Thursday, February 04, 2016

Getting Lost in the Past

“I think I’m homing in on some interesting ideas.”
Damian Stamer

The American painter Damian Stamer, who had his first New York exhibition whilst still studying for his MFA at the University of North Carolina at Chapel Hill, is inspired by the landscapes of his youth. The memory of which he recreates with his abstracted figurative works.

Stamer regularly returns to the North Carolina countryside to photograph the remaining remnants of the past which he reworks in his New York Studio.

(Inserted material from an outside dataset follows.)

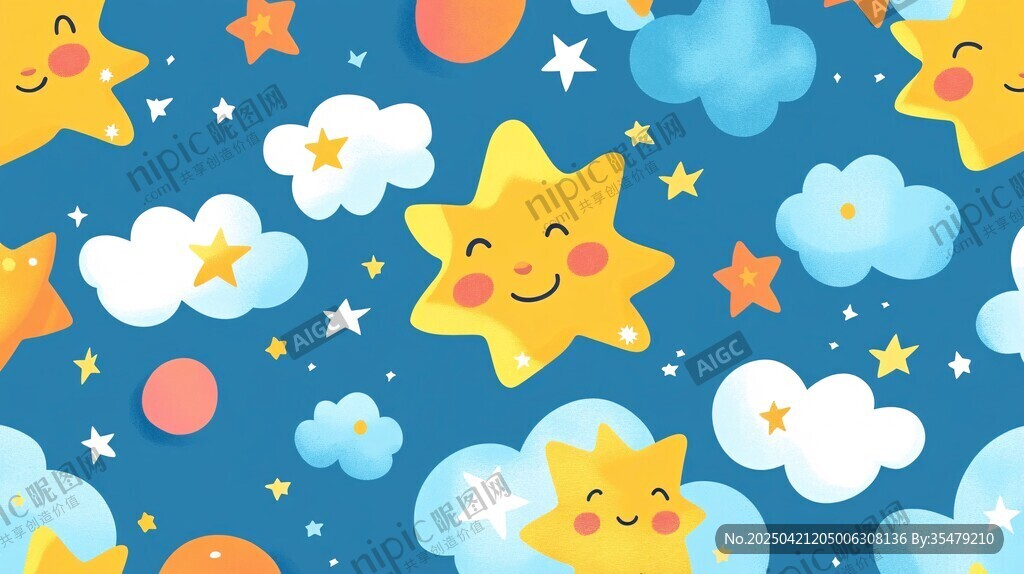 童趣星星云朵夢(mèng)幻背景圖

As he told The Nashville Arts Magazine’s Daniel Tidwell These are the same old barns, relatively unchanged, that my bus passed every day to and from school over twenty years ago.”

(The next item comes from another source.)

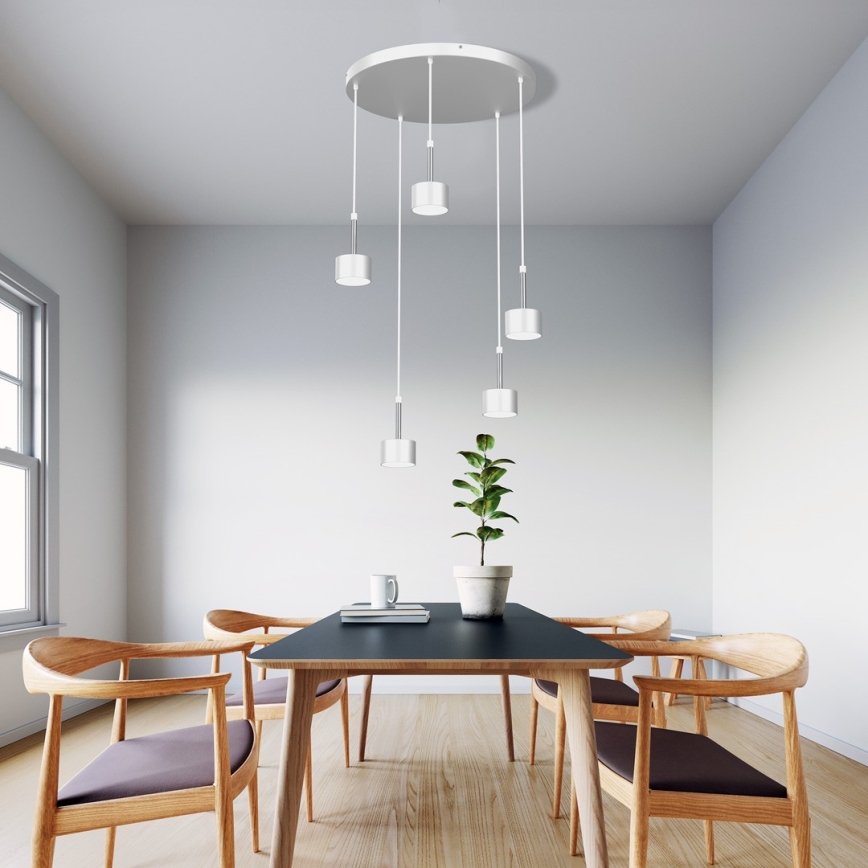 Hängeleuchte ARENA 5xGX53/11W/230V weiß/glänzendes Chrom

It is the challenge of turning his trips down memory lane into paintings that speak to an audience endowed mostly with an urban aesthetic through paint and canvas that enthralls.

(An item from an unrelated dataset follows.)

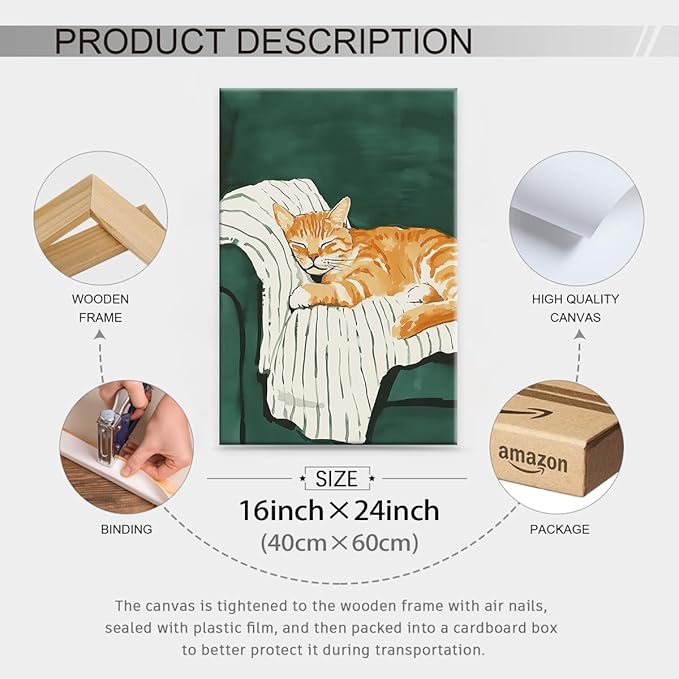 Sleeping Orange Cat poster Green Aesthetic Wall Art Preppy Funky Cute Animal Canvas Painting Gift For Cat Lover 16x24 inch Framed for Cozy Room Wall Decor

About which he says “the difficulty of accessing information and emotions of years past, translated visually through faded colors and erasure. These works also hint at black-and-white photography, perhaps our most common window to the past, with white borders and dappled aging… There comes a time when these biographical and identity-laden concerns fall away, like the rockets of a space shuttle after launch. Chance and intuition take over. Painting becomes a dance outside the realm of language and concept.

It is a dance that sees Stamer constantly looking for new steps that will drive his work forward.

As he says “My most exciting times in the studio come when I discover how to make a new mark or surface effect. I’m like a scientist, always tinkering and experimenting with unique ways to push my medium. When I find a new way to use paint that I’ve never seen before, I feel like I am adding to a conversation that began thousands of years ago.”

A point he underscored to the University of North Carolina at Chapel Hill Newsletter, Endeavors “I’m always looking for new tools and ways to spread paint. I’ve used masking tape, squeegees, heavy-duty paper towels, solvents, and even a frying pan to splatter paint.”

And whilst technique is important, it is when he ignores it, getting lost in the work, that Stamer achieves his most satisfying paintings.

As he says “I think I make my best work when I’m not really thinking at all. It may sound odd, but I think it’s like an athlete being in the zone.”

Stamer’s current exhibition A little past Lake Michie is on show at Philadelphia’s Bridgette Mayer Gallery until the 27th of February.